Like many people, I suspect, I am capable of gross hypocrisy at times, but not so gross that I am now going to adopt an attitude of sentimentality or mourning at her passing. Insofar as I feel any emotion at her death, it is a sense of a moment in history, of being present at the time of an era coming to a symbolic closure. Quite apart from anything else, I never knew her, and the real mourning must be left to those who counted her as a friend, a mother, or a grandmother.
So much for what I don’t feel. What I do feel is prompted by something much closer to home. As I passed through Brixton last night, I witnessed a crowd of people apparently celebrating Mrs Thatcher’s death. The slogan “The bitch is dead” was painted in large letters on a sheet fastened to a tree and there appeared to be something of a party atmosphere. I read in the news today that there were a smattering of such events across the country.
To these events, unlike the death itself, I had a clear emotional reaction, and it was one of profound sadness. Do we really live in a world where we feel that it is right to celebrate death in this way? Have we so lost our respect for our common humanity and shared human experience?
I am sure that many opponents of Mrs Thatcher would argue that she herself often showed a lack of compassion for others, and lack of insight into shared humanity. They may well be right. As a gay man who grew up in the shadow of section 28 and struggled to come to terms with my own sexuality in its grip, I might even be entitled to give myself a minor place amongst them.
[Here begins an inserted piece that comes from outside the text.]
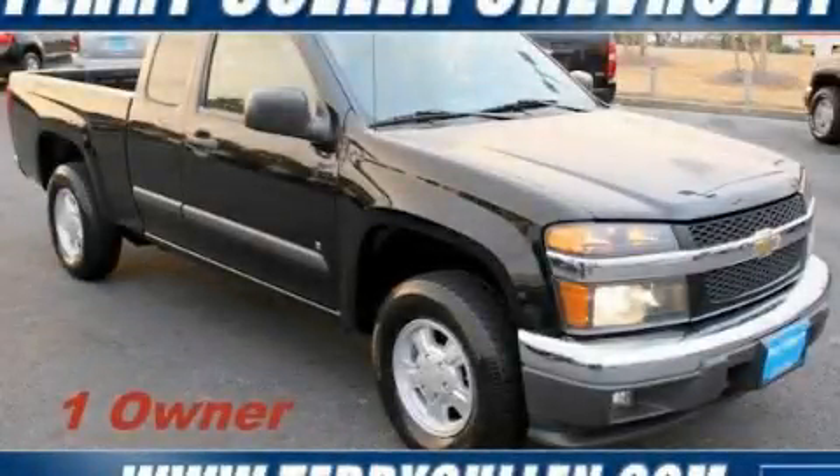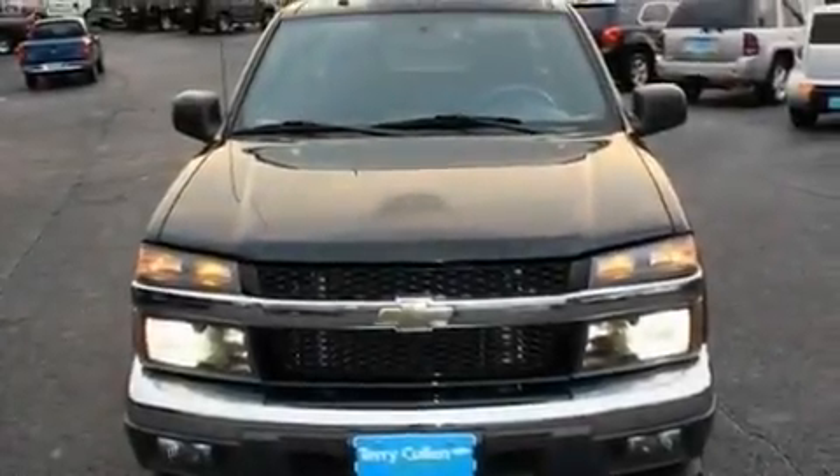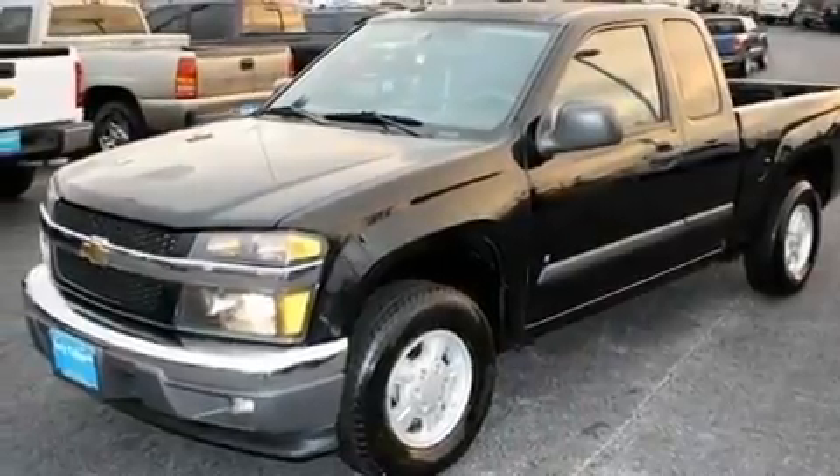This is a 2008 Chevrolet Colorado. Whether hauling, commuting, or towing, this truck is the right one for you. It features a four-cylinder engine and a four-speed automatic transmission.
But that does not give me the right to hate, and it does not make anger the right way forward. If anything, it makes me more determined not to take these routes. If we fill our world with hate, anger and disrespect, then we cannot really be surprised to find ourselves living in a hateful, angry and uncaring world. I don’t think that’s the type of world most of us want to live in.
At some point in time, we have to break that cycle of anger and distrust – and like all “we’s” that really matter, that starts with you and I; and I would respectfully suggest to all parties that a good point in time to start is right now.